◆ WHAT NEEDS TO BE DONE:
Starting from the first line, transcribe the whole listing exactly.

◆ RECORDS FOR THE EXERCISE:
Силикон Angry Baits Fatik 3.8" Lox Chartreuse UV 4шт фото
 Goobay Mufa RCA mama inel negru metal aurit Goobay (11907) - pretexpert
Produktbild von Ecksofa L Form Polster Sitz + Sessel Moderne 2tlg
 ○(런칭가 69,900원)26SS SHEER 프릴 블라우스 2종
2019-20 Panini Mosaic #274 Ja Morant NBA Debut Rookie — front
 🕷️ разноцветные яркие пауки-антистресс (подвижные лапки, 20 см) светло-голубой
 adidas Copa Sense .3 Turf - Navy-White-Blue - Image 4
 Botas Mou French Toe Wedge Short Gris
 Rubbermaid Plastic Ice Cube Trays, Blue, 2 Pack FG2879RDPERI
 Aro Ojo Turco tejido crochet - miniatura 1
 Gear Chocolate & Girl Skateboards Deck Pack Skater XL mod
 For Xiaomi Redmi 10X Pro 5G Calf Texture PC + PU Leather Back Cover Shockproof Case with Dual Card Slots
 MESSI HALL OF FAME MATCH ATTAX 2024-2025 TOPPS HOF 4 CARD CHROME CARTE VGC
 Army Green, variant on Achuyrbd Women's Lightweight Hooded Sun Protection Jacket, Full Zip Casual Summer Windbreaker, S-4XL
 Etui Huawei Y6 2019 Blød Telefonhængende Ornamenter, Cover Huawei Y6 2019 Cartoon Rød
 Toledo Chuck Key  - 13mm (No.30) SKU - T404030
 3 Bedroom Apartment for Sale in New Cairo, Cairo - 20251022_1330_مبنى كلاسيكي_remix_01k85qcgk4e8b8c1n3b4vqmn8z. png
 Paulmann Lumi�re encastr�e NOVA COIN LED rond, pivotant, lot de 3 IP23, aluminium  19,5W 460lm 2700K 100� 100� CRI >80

◆ ANSWER TO THE PROBLEM:
Силикон Angry Baits Fatik 3.8" Lox Chartreuse UV 4шт фото
 Goobay Mufa RCA mama inel negru metal aurit Goobay (11907) - pretexpert
Produktbild von Ecksofa L Form Polster Sitz + Sessel Moderne 2tlg
 ○(런칭가 69,900원)26SS SHEER 프릴 블라우스 2종
2019-20 Panini Mosaic #274 Ja Morant NBA Debut Rookie — front
 🕷️ разноцветные яркие пауки-антистресс (подвижные лапки, 20 см) светло-голубой
 adidas Copa Sense .3 Turf - Navy-White-Blue - Image 4
 Botas Mou French Toe Wedge Short Gris
 Rubbermaid Plastic Ice Cube Trays, Blue, 2 Pack FG2879RDPERI
 Aro Ojo Turco tejido crochet - miniatura 1
 Gear Chocolate & Girl Skateboards Deck Pack Skater XL mod
 For Xiaomi Redmi 10X Pro 5G Calf Texture PC + PU Leather Back Cover Shockproof Case with Dual Card Slots
 MESSI HALL OF FAME MATCH ATTAX 2024-2025 TOPPS HOF 4 CARD CHROME CARTE VGC
 Army Green, variant on Achuyrbd Women's Lightweight Hooded Sun Protection Jacket, Full Zip Casual Summer Windbreaker, S-4XL
 Etui Huawei Y6 2019 Blød Telefonhængende Ornamenter, Cover Huawei Y6 2019 Cartoon Rød
 Toledo Chuck Key  - 13mm (No.30) SKU - T404030
 3 Bedroom Apartment for Sale in New Cairo, Cairo - 20251022_1330_مبنى كلاسيكي_remix_01k85qcgk4e8b8c1n3b4vqmn8z. png
 Paulmann Lumi�re encastr�e NOVA COIN LED rond, pivotant, lot de 3 IP23, aluminium  19,5W 460lm 2700K 100� 100� CRI >80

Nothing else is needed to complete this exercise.